Goulburn business also suffers drought effects | Editorial

It's being referred to as the worst drought in living memory. Almost the entire state is now officially drought-declared. 

Across the Southern Tablelands for the autumn period, the Bureau of Meteorology reported that we received only 33 percent of our average autumn rainfall. 

Winter brought no relief with 65pc of average rainfall across the region in June; July far worse with a mere 27pc of average. 

Hume MP Angus Taylor is urging farmers to check eligibility for the federal government’s farm household allowance as financial aid. However, it’s not just those on the land who are feeling the pinch. 

Across the state, businesses in rural and regional centres are reporting a downturn in business as belts are tightened. 

While aid is available for farmers, there is no emergency relief for businesses that are suffering as a result of the drying up of income.
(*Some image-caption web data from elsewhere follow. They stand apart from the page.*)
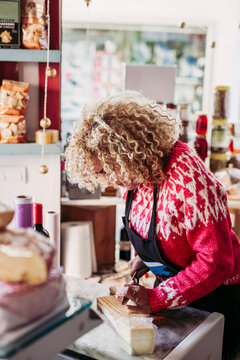 Adult woman in apron slicing fresh cheese while working in cozy local food shop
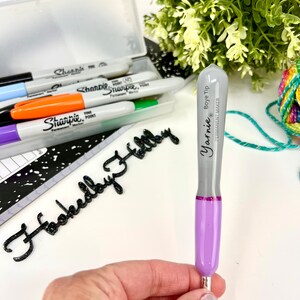 Pu&ograve; includere: Un pennarello permanente Yarnie Boye Tip di colore viola e grigio con una punta argentata. Il pennarello &egrave; tenuto in una mano su uno sfondo bianco. Il testo "Yarnie Boye Tip" e "Permanent Marker" &egrave; stampato sul pennarello.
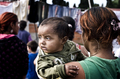 Niño entre adultos durante una escena cotidiana y familiar en el asentamiento de El Vacie.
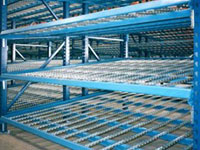 Empty carton flow rack in a warehouse.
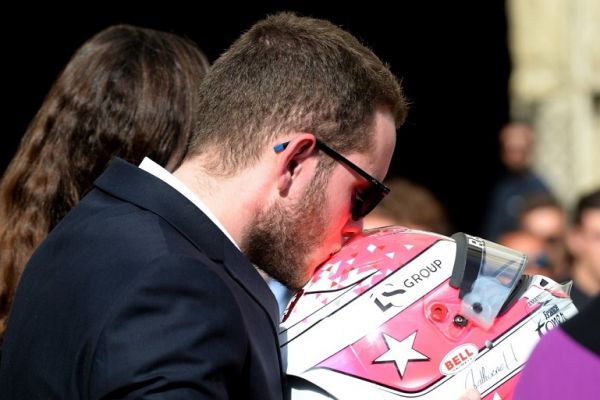 Victhor, brother of the late French racing driver Anthoine Hubert kisses his helmet at the end of the funeral ceremony in the Cathedral of Notre Dame, on September 10, 2019, in Chartres, center France. The 22-year-old F2 driver was killed on August 31, 2019 in a crash on the Spa-Francorchamps circuit. PHOTO | AFP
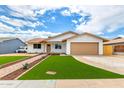 Inviting single-story home featuring manicured artificial lawn and a two-car garage at 524 S Pioneer --, Mesa, AZ 85204
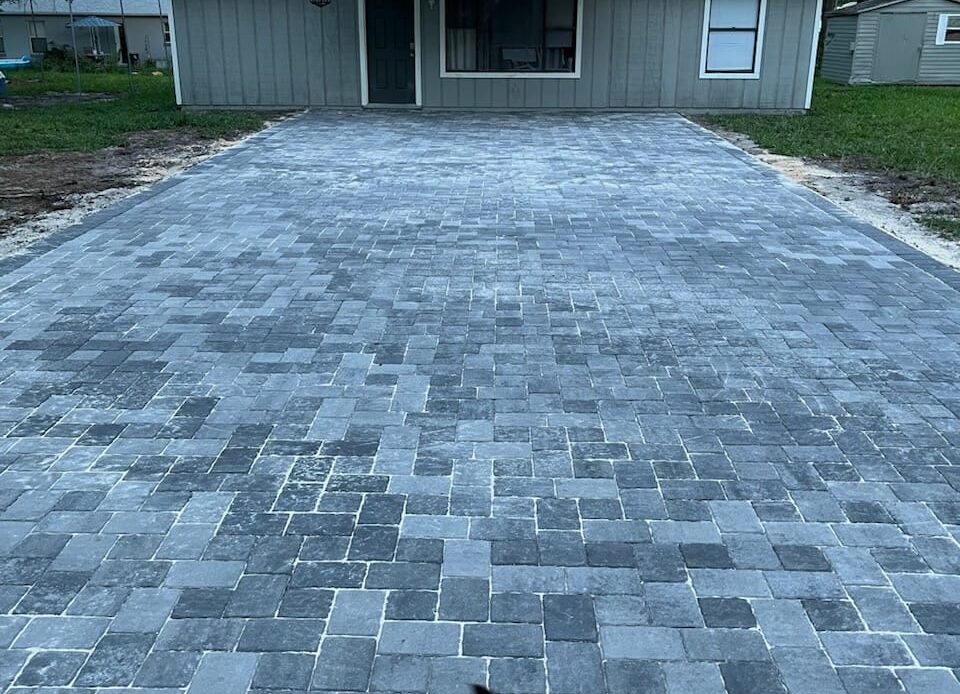 Pavers installation completed for a house's driveway.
While the local consumer movement has gained a lot of traction in recent years as a means of strengthening local economies and minimising environmental impact, there has never been a more important time to keep your consumer dollar in the local community.

In Australia, for every $100 spent in a national chain business, about $13 stays in the local community. 

By comparison, for every $100 spent in a local business, around $45 remains in the local community. 

That $45 helps to pay local salaries; it goes towards engaging local professional services such as bookkeeping, cleaning or legal services; and is spent in other businesses. 

For communities where off-farm incomes may well be keeping families going with no income from farming, ensuring the viability of businesses that employ local people is crucial.

While Goulburn is in the fortunate position of having a healthy local tourism industry which keeps many of our local businesses ticking over, this does not guarantee immunity from a rural community facing straitened circumstances. 

If goods and services are locally provided, it makes economic and social sense to prioritise those over travelling to Queanbeyan, Yass or Canberra for the same goods and services.

We hear a lot from people who are keen to have outside businesses and companies invest in our region, but the best investment comes from the people who live here.